Wednesday, July 27, 2011

SHARING MY DEAFNESS -- "The Hazards of Working the Drive Thru"

Checkers. She wanted Checkers for lunch. Or in some places they call it Rally’s. But what she wanted was definitely those spicy french fries slathered in warm, saucy cheese and bacon. But it’s July. I mean, man, it’s hot outside. The last thing I wanted to do was park and get out of my air conditioned car. But she said, “Please,” so sweetly. It was the least I could do, right? No way. It was too hot, I tell you.

“I’ll help you in the drive thru,” Mollie signed to me as I weighed the options. I mean, sure, I could have gone through the drive thru and just told them at the window that I’m deaf and need to order face to face. But I’ve never been one to test waters. So, I took her up on her offer.

There I was, face-to-face with the speaker and depending solely on my 14-year-old to let me know when to speak.

“I need an order of french fries with cheese and bacon added, please.” I spoke into the speaker as best I could, but apparently they couldn’t hear me or understand me (one of the two). I repeated. Mollie said they still didn’t get it. I raised my voice, “I’m deaf and I’m going to pull around to window and order there.” Don’t know if they understood me that time, but it didn’t matter, because I was taking the initiative.

Pulling up to the window, the girl inside looked extremely confused. When she opened the window, using the same decibel level I just got done using at the speaker, I shouted, “French fries!!! I need french fries!!”
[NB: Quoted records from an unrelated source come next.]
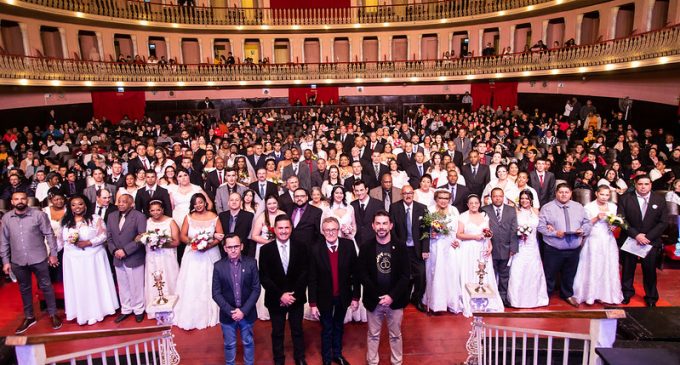 Casamento coletivo oficializa matrimônio de 71 casais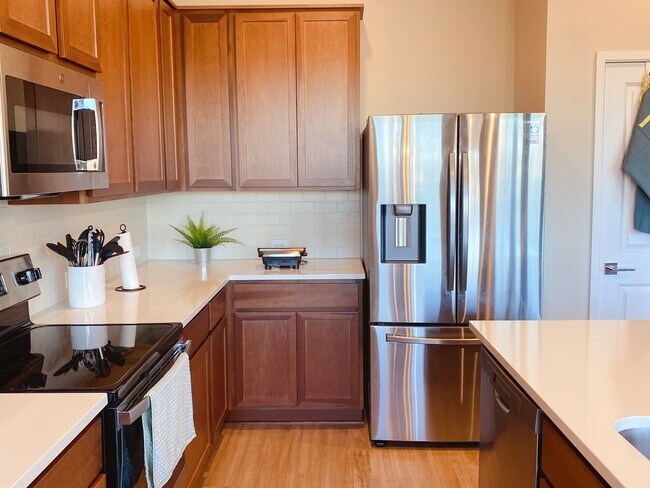 Foto del edificio - FIRST MONTH FREE! Fully-furnished 3bd Sing...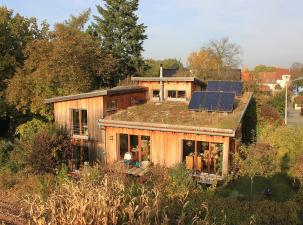  Weitere Einzelheiten Holzhaus mit Gr&uuml;ndach, Au&szlig;enwand aus unbehandeltem L&auml;rchenholz in St&auml;nderbauweise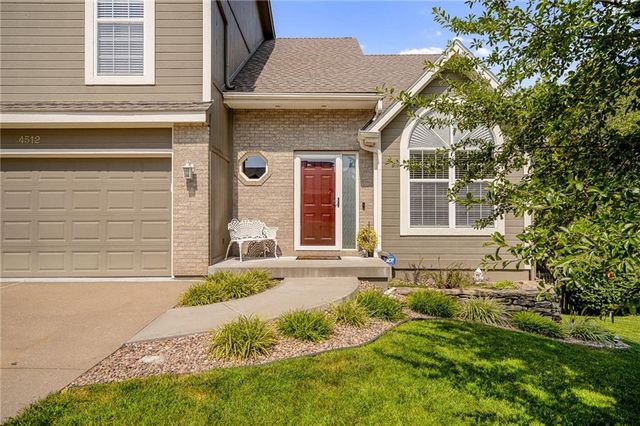 4512 NE Webster Drive, Lee's Summit, MO 64064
The girl stared at me, looking totally flabbergasted. She then left to take care of my order.

Mollie gently placed her hand on my leg. “Mom? Do you realize that you just screamed at the top of your lungs at that girl?” So that’s why she looked so shaken. I’d just blasted both of her eardrums out. But we got our fries. Yes, indeedy. Sure, the girl will be deafened for a good two hours, but I had to do it. I needed those fries. Offering her the name of a good ENT, I paid the girl.

“Sorry if I screamed at you,” I sheepishly said.

“What???” she screamed back. Hmmm. I guess my work here is done.

Wednesday, July 20, 2011

OOPS! THAT'S NOT WHAT I MEANT!



Oh, to learn a new language! If you’re one of the millions of people who have decided to learn a foreign language, perhaps you’ll consider learning American Sign Language. As you may know, ASL is a totally foreign language from English and it takes just as much time and dedication to become fluent in ASL as any other foreign language, like, say, Japanese.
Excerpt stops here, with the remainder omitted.